Bislett Stadium (Bislett stadion) is a sports stadium in Oslo, Norway. Bislett is Norway's most well known sports arena internationally, with 15 speed skating world records and more than 50 track and field world records having been set here. The original stadium was demolished in 2004 and construction of a new stadium was completed by the summer of 2005. The New Bislett Stadium was designed by C.F. Møller Architects.

== History ==
Bislett Stadium lies on the site of a 19th-century brick works, which was bought by the Municipality of Kristiania (Oslo) in 1898, and turned into a sports field in 1908. The merchant, speed skater, gymnast and sports organizer Martinus Lørdahl was instrumental in facilitating the construction of the first bleachers, begun in 1917 and completed in 1922 along with the new club house. One of the squares outside the stadium is named Martinus Lørdahl's Square, in his honour. Bislett became Norway's main arena for speed skating and track and field in 1940 when the architect Frode Rinnan's new functionalistic stadium was completed, with a capacity of 20,000. Rinnan was also responsible for the renovation of the stadium for the 1952 Winter Olympic Games in Oslo. At those games, the stadium hosted some of the figure skating and the speed skating events. Bislett has hosted the Bislett Games since 1965, an annual track and field event in the IAAF Golden League (from 2010: the Diamond League). The venue hosted the Norwegian Athletics Championships 18 times, in 1926–29, 1931–36, 1938–39, 1947, 1949, 1951–52, 1955 and 2006.

== New stadium ==
Bislett's career as a speed skating venue ended in 1988, when it was decided that ice production would discontinue, even though the stadium did not meet international requirements for any other sport. The stadium was quickly becoming run down and even dangerous, but it would take more than decade of debate before the city council decided that Bislett was to be demolished and rebuilt.
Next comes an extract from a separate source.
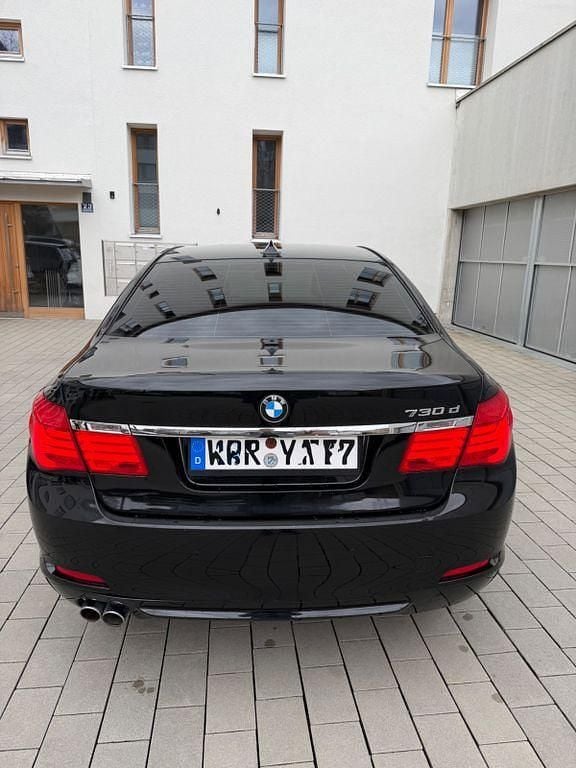 Gebraucht BMW 730 245 PS (180 kW) 2010 Schwarz Limousine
Especially the matter of whether or not Bislett would continue to host speed skating events provided tensions between the various parties involved, leaving nostalgics disappointed when it turned out not to be so. Speed skating has increasingly become an indoor sport and providing the famous record breaking ice would no longer be possible if the stadium was to be optimized for athletics and football. The old Bislett was appreciated for its architecture and its atmosphere, not to mention its illustrious record history, and it was perhaps then a fitting gesture that the new stadium was built in record breaking time – construction lasted only ten months. The new stadium designed by Danish architecture practice C. F. Møller Architects was inaugurated with the Bislett Games on 29 July 2005.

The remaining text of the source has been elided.